**WORK INSTRUCTIONS**
Write out word for word each line from the top of the material through the line that has "Hello, welcome in!". Pictures do not go in.

**INFORMATION SUPPLIED**

◆ ◆ ◆ ◆ ◆

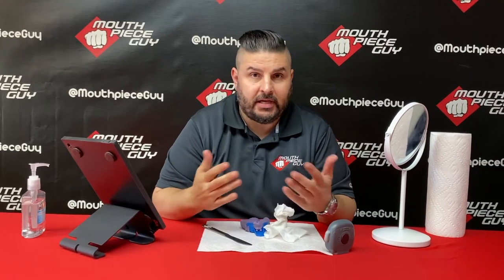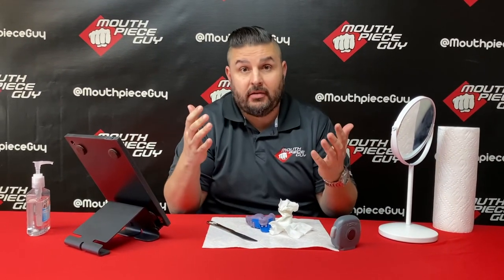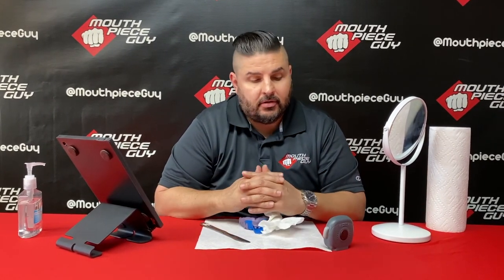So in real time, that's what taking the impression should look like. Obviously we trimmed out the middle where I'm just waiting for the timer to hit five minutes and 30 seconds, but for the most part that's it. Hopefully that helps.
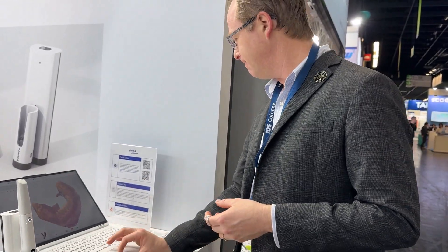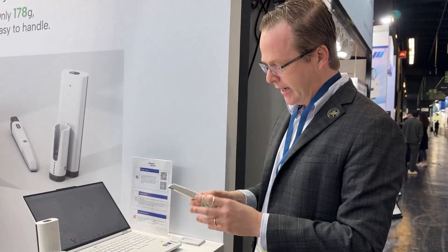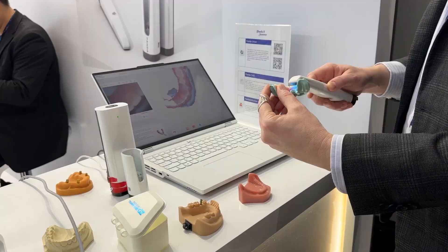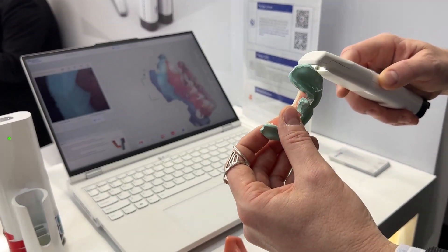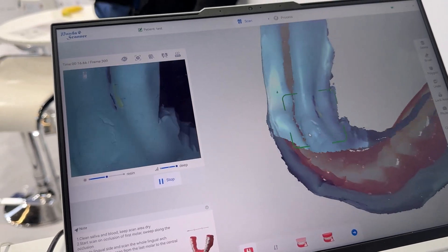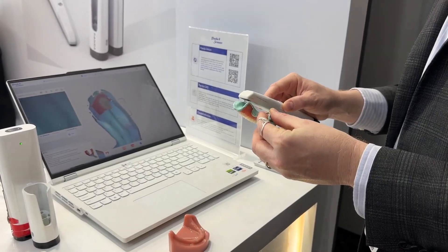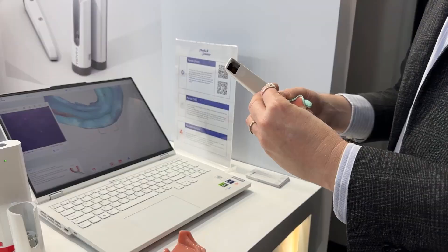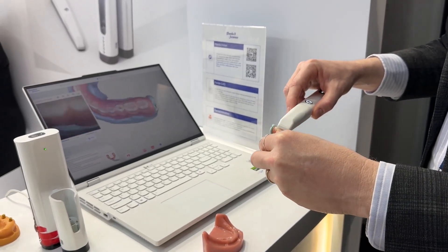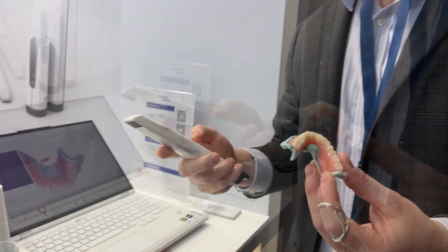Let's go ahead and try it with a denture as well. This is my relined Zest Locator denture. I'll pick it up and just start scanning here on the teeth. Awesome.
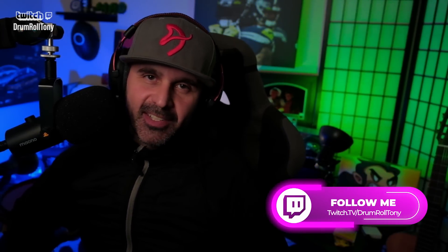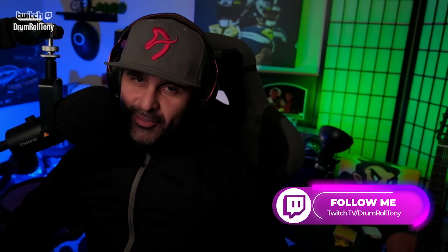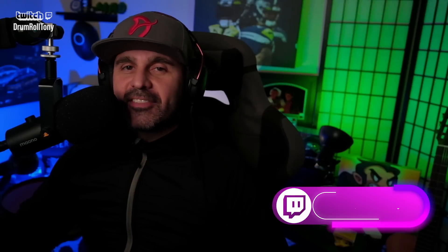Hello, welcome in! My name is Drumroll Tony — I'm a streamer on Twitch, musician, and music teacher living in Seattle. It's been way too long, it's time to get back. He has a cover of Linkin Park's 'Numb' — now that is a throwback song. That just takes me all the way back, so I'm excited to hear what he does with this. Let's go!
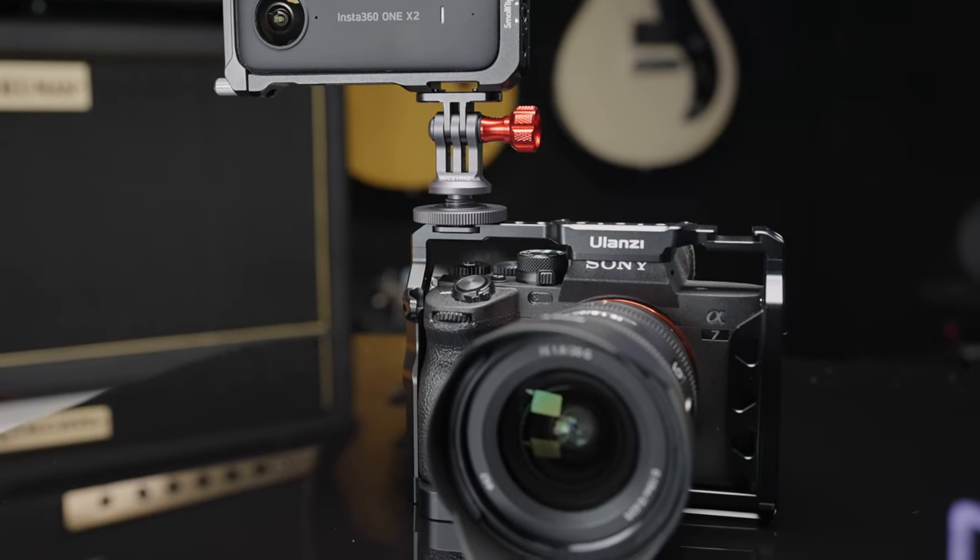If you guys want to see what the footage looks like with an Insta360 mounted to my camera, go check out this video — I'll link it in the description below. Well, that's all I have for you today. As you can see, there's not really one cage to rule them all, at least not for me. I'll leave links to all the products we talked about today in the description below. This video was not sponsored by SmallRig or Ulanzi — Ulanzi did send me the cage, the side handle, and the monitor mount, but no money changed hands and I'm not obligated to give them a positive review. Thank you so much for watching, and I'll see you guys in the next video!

◆ ◆ ◆ ◆ ◆

**TASK OUTPUT**
So in real time, that's what taking the impression should look like. Obviously we trimmed out the middle where I'm just waiting for the timer to hit five minutes and 30 seconds, but for the most part that's it. Hopefully that helps.
Let's go ahead and try it with a denture as well. This is my relined Zest Locator denture. I'll pick it up and just start scanning here on the teeth. Awesome.
Hello, welcome in! My name is Drumroll Tony — I'm a streamer on Twitch, musician, and music teacher living in Seattle. It's been way too long, it's time to get back. He has a cover of Linkin Park's 'Numb' — now that is a throwback song. That just takes me all the way back, so I'm excited to hear what he does with this. Let's go!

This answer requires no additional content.